The Bryan Ferry exhibition Olympiz at the Sal Sali Private Museum in Dubai. Charles Crowell / The National
The Bryan Ferry exhibition Olympiz at the Sal Sali Private Museum in Dubai. Charles Crowell / The National
The Bryan Ferry exhibition Olympiz at the Sal Sali Private Museum in Dubai. Charles Crowell / The National

Bryan Ferry retrospective at Dubai museum showcases his art and music


Nick March
  • English
  • Arabic

It is an hour into opening night of Olympia, the Bryan Ferry retrospective at Dubai's Salsali Private Museum (SPM), and the fabled British recording artist is working the room. Or rather the room is working him.

Dressed in a navy blue suit, Ferry, 67, is stood in front of a whitewashed wall onto which images of record sleeves from his decades-long career are being projected. Oversized prints of his album artwork are all around him too, neatly hung on the gallery's smooth surfaces, while clusters of well-wishers, fans and art collectors swirl expectantly about the gallery, each waiting to catch Ferry's eye.
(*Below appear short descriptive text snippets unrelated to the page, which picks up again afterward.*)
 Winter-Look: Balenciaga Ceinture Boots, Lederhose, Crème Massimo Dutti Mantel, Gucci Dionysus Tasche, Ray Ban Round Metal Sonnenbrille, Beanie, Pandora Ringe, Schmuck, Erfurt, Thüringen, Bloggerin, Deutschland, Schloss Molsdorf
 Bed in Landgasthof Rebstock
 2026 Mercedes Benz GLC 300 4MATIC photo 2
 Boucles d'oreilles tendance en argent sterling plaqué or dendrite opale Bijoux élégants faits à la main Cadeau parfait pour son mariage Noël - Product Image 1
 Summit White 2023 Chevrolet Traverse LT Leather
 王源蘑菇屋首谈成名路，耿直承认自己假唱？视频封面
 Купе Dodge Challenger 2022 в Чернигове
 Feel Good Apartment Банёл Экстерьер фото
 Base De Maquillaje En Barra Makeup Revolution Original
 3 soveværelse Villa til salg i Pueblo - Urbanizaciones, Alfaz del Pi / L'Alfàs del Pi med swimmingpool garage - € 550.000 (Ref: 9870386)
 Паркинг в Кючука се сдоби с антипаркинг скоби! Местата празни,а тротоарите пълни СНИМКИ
Cameras, smart phones and tablets are everywhere, every gadget ready to record the moment when that person or this fan shared the spotlight with the man who was the creative force behind Roxy Music - a band ranked within Rolling Stone magazine's survey of the 100 Greatest Artists of All Time and whose influence helped shape the careers of everyone from the Sex Pistols to the Scissor Sisters - as well as a string of solo successes.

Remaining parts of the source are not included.